Cino Loris, Distante Cosimo, Martella Alessandro, Mazzeo Pier Luigi
Dipartimento di Ingegneria Informatica, Automatica, e Gestionale "Antonio Ruberti", Sapienza Università di Roma, Via Ariosto, 25, 00185 Roma, Italy.
Istituto di Scienze Applicate e Sistemi Intelligenti (ISASI), Consiglio Nazionale delle Ricerche (CNR), DHITECH, Campus Università del Salento, Via Monteroni s.n., 73100 Lecce, Italy.
J Imaging. 2025 Jan 9;11(1):15. doi: 10.3390/jimaging11010015.
Despite significant advancements in the automatic classification of skin lesions using artificial intelligence (AI) algorithms, skepticism among physicians persists. This reluctance is primarily due to the lack of transparency and explainability inherent in these models, which hinders their widespread acceptance in clinical settings. The primary objective of this study is to develop a highly accurate AI-based algorithm for skin lesion classification that also provides visual explanations to foster trust and confidence in these novel diagnostic tools. By improving transparency, the study seeks to contribute to earlier and more reliable diagnoses. Additionally, the research investigates the impact of Test Time Augmentation (TTA) on the performance of six Convolutional Neural Network (CNN) architectures, which include models from the EfficientNet, ResNet (Residual Network), and ResNeXt (an enhanced variant of ResNet) families. To improve the interpretability of the models' decision-making processes, techniques such as t-distributed Stochastic Neighbor Embedding (t-SNE) and Gradient-weighted Class Activation Mapping (Grad-CAM) are employed. t-SNE is utilized to visualize the high-dimensional latent features of the CNNs in a two-dimensional space, providing insights into how the models group different skin lesion classes. Grad-CAM is used to generate heatmaps that highlight the regions of input images that influence the model's predictions. Our findings reveal that Test Time Augmentation enhances the balanced multi-class accuracy of CNN models by up to 0.3%, achieving a balanced accuracy rate of 97.58% on the International Skin Imaging Collaboration (ISIC 2019) dataset. This performance is comparable to, or marginally better than, more complex approaches such as Vision Transformers (ViTs), demonstrating the efficacy of our methodology.

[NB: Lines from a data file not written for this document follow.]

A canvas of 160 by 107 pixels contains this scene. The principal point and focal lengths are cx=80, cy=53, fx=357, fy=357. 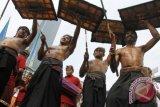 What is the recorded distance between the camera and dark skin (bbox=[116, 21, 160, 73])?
21.8ft

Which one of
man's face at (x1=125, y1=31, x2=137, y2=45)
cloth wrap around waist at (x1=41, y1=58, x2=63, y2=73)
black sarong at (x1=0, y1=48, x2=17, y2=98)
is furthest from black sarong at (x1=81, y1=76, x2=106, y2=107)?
black sarong at (x1=0, y1=48, x2=17, y2=98)

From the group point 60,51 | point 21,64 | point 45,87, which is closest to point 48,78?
point 45,87

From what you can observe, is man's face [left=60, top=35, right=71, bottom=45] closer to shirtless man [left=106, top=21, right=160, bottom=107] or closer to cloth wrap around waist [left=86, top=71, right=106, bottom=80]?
cloth wrap around waist [left=86, top=71, right=106, bottom=80]

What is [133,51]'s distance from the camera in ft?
22.3

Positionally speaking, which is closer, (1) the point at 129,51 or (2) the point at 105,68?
(1) the point at 129,51

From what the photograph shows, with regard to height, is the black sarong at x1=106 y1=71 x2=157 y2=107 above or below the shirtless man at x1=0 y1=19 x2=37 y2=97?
below

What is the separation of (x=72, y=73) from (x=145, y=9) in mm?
2894

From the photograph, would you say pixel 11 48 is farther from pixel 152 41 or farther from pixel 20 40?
pixel 152 41

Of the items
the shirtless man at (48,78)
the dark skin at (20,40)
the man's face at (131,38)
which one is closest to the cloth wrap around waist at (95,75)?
the shirtless man at (48,78)

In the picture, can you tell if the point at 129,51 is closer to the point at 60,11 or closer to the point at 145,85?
the point at 145,85

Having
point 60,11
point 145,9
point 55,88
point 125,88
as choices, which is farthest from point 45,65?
point 145,9

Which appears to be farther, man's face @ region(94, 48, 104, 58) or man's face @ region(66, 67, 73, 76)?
man's face @ region(66, 67, 73, 76)

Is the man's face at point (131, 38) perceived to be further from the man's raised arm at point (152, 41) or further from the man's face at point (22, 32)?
the man's face at point (22, 32)

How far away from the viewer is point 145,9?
715cm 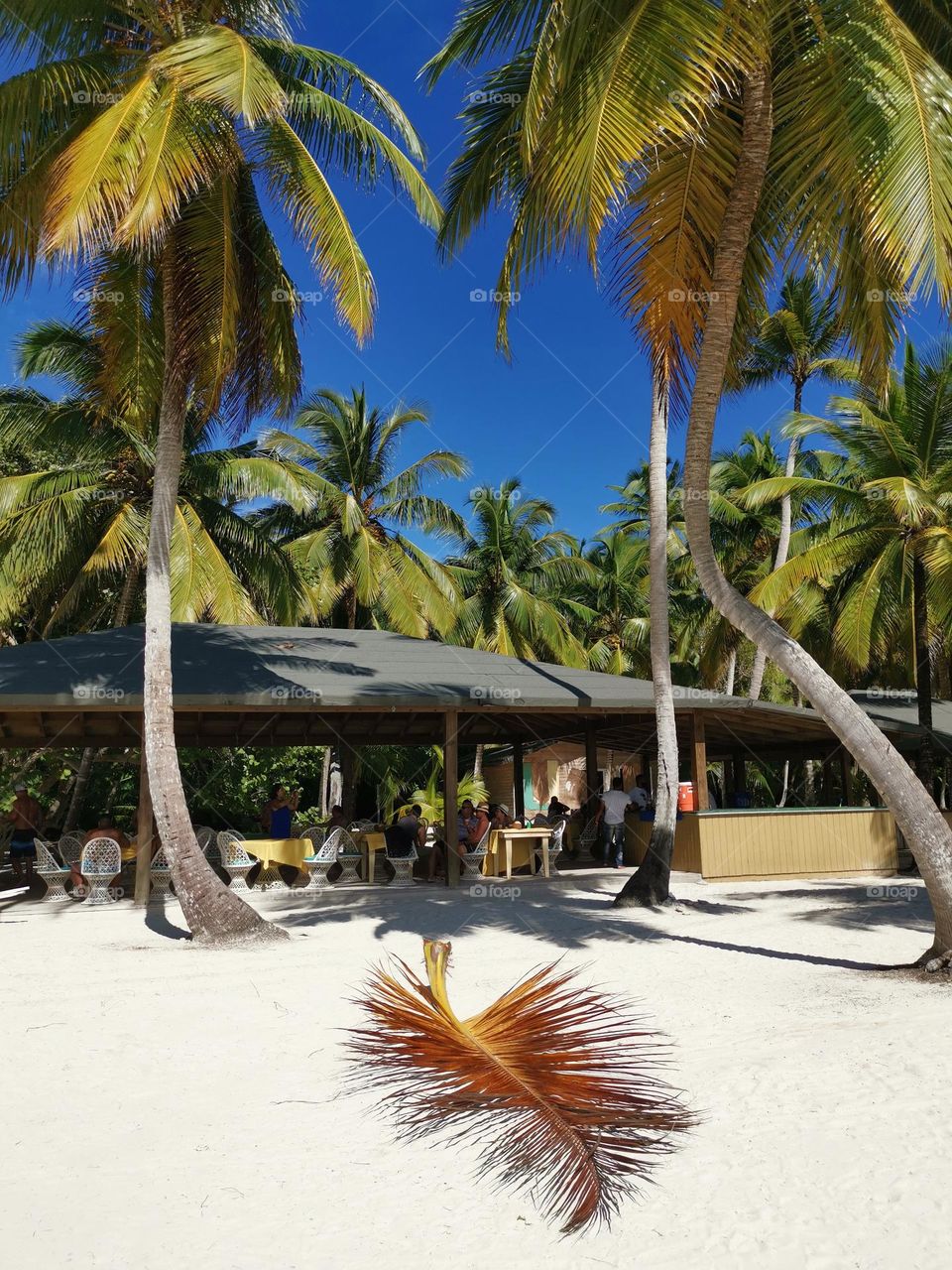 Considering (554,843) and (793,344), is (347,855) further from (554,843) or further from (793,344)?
(793,344)

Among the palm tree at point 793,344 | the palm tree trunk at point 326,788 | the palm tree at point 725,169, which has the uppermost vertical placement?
the palm tree at point 793,344

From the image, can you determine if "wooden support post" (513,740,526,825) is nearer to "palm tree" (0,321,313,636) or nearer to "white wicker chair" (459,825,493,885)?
"white wicker chair" (459,825,493,885)

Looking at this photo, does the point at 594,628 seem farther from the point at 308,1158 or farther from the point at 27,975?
the point at 308,1158

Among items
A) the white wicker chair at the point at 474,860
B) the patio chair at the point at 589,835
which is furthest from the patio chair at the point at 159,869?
the patio chair at the point at 589,835

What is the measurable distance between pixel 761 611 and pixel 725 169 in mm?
3648

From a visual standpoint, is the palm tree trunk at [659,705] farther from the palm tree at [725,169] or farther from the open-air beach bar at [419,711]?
the palm tree at [725,169]

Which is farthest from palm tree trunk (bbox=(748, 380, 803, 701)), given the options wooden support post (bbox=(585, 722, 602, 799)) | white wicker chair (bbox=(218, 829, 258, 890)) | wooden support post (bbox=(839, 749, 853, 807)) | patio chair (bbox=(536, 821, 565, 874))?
white wicker chair (bbox=(218, 829, 258, 890))

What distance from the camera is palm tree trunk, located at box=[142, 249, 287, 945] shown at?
31.8 feet

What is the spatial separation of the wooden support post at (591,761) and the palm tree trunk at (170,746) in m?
9.00

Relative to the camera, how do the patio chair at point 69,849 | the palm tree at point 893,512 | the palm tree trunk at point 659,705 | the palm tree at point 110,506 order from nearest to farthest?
1. the palm tree trunk at point 659,705
2. the patio chair at point 69,849
3. the palm tree at point 893,512
4. the palm tree at point 110,506

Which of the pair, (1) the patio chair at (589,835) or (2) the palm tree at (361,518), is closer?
(1) the patio chair at (589,835)

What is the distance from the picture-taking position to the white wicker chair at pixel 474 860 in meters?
15.3

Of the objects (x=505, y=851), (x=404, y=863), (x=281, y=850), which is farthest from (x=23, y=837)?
(x=505, y=851)

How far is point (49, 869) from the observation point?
12797mm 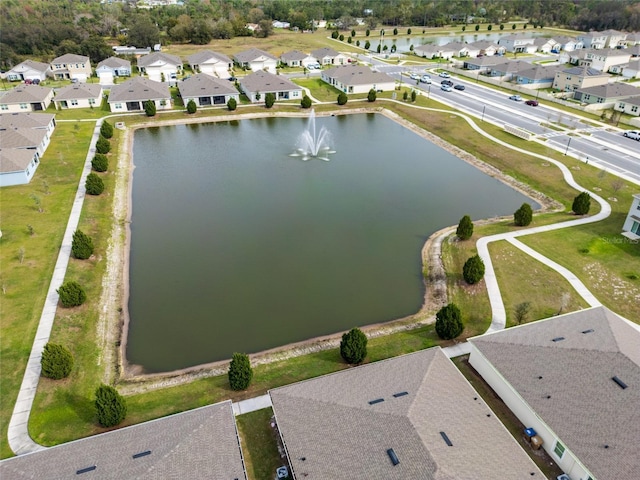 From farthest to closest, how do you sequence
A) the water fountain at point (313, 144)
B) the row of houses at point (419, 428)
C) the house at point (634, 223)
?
the water fountain at point (313, 144)
the house at point (634, 223)
the row of houses at point (419, 428)

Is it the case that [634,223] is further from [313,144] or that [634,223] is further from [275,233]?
[313,144]

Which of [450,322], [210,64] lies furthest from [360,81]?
[450,322]

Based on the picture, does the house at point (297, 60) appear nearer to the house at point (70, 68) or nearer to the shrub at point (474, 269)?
the house at point (70, 68)

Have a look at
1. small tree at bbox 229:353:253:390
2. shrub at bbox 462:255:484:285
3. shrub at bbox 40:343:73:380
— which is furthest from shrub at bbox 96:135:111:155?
shrub at bbox 462:255:484:285

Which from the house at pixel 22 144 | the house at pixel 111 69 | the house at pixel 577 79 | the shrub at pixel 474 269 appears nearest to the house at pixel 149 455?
the shrub at pixel 474 269

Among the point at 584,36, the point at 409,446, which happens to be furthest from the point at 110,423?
the point at 584,36

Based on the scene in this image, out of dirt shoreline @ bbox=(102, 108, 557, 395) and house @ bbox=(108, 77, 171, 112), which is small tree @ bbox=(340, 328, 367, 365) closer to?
dirt shoreline @ bbox=(102, 108, 557, 395) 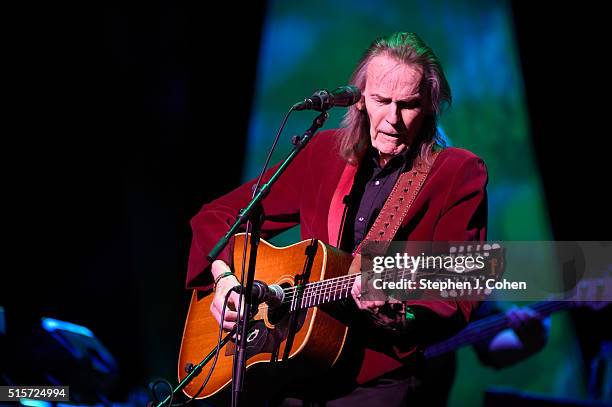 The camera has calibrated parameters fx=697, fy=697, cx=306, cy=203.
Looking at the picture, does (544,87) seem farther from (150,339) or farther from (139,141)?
(150,339)

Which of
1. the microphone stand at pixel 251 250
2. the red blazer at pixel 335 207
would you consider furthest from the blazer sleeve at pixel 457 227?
the microphone stand at pixel 251 250

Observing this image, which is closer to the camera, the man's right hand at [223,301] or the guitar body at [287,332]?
the guitar body at [287,332]

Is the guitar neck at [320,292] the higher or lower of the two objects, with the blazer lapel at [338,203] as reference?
lower

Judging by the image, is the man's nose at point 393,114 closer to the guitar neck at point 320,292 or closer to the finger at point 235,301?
the guitar neck at point 320,292

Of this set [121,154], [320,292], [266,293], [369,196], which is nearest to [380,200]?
[369,196]

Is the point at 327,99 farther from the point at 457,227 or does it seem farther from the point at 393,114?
the point at 457,227

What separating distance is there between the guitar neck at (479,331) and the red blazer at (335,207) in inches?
68.8

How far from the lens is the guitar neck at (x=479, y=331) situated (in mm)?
4574

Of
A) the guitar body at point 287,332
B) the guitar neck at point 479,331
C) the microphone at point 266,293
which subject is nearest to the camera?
the microphone at point 266,293

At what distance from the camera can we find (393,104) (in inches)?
117

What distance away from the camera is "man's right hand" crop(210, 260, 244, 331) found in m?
2.99

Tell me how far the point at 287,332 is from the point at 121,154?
3399mm

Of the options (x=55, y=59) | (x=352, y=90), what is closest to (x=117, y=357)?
(x=55, y=59)

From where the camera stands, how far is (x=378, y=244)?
9.31 feet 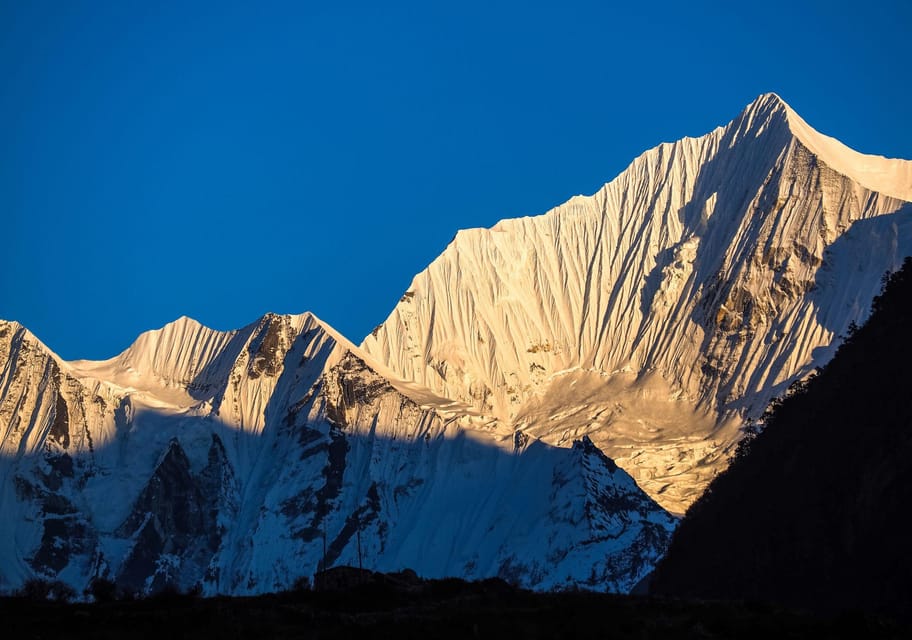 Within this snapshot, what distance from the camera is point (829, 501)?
88.9m

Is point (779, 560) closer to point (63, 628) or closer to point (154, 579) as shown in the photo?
point (63, 628)

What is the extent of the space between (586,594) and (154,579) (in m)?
131

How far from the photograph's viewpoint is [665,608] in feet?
213

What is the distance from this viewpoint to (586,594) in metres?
73.6

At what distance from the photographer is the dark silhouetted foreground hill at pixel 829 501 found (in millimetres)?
81000

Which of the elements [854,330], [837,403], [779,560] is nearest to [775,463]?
[837,403]

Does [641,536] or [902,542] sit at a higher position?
[641,536]

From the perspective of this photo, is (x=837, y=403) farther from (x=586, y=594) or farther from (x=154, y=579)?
(x=154, y=579)

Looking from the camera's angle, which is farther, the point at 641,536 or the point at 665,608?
the point at 641,536

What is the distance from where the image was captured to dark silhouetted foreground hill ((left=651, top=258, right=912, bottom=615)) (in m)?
81.0

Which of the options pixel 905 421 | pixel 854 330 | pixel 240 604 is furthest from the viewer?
pixel 854 330

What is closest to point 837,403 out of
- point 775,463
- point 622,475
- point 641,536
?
point 775,463

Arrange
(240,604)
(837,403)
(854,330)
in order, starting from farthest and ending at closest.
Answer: (854,330) < (837,403) < (240,604)

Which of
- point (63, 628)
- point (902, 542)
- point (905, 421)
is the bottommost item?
point (63, 628)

尽管在使用人工智能(AI)算法对皮肤病变进行自动分类方面取得了重大进展,但医生们仍然持怀疑态度。这种不情愿主要是由于这些模型固有的缺乏透明度和可解释性,这阻碍了它们在临床环境中的广泛接受。本研究的主要目标是开发一种基于AI的高精度皮肤病变分类算法,该算法还能提供可视化解释,以增强对这些新型诊断工具的信任和信心。通过提高透明度,该研究旨在促进更早、更可靠的诊断。此外,该研究还调查了测试时间增强(TTA)对六种卷积神经网络(CNN)架构性能的影响,这些架构包括来自EfficientNet、ResNet(残差网络)和ResNeXt(ResNet的增强变体)家族的模型。为了提高模型决策过程的可解释性,采用了诸如t分布随机邻域嵌入(t-SNE)和梯度加权类激活映射(Grad-CAM)等技术。t-SNE用于在二维空间中可视化CNN的高维潜在特征,深入了解模型如何对不同的皮肤病变类别进行分组。Grad-CAM用于生成热图,突出显示影响模型预测的输入图像区域。我们的研究结果表明,测试时间增强将CNN模型的平衡多类准确率提高了高达0.3%,在国际皮肤成像协作组织(ISIC 2019)数据集上实现了97.58%的平衡准确率。这一性能与视觉Transformer(ViT)等更复杂的方法相当,或略优于它们,证明了我们方法的有效性。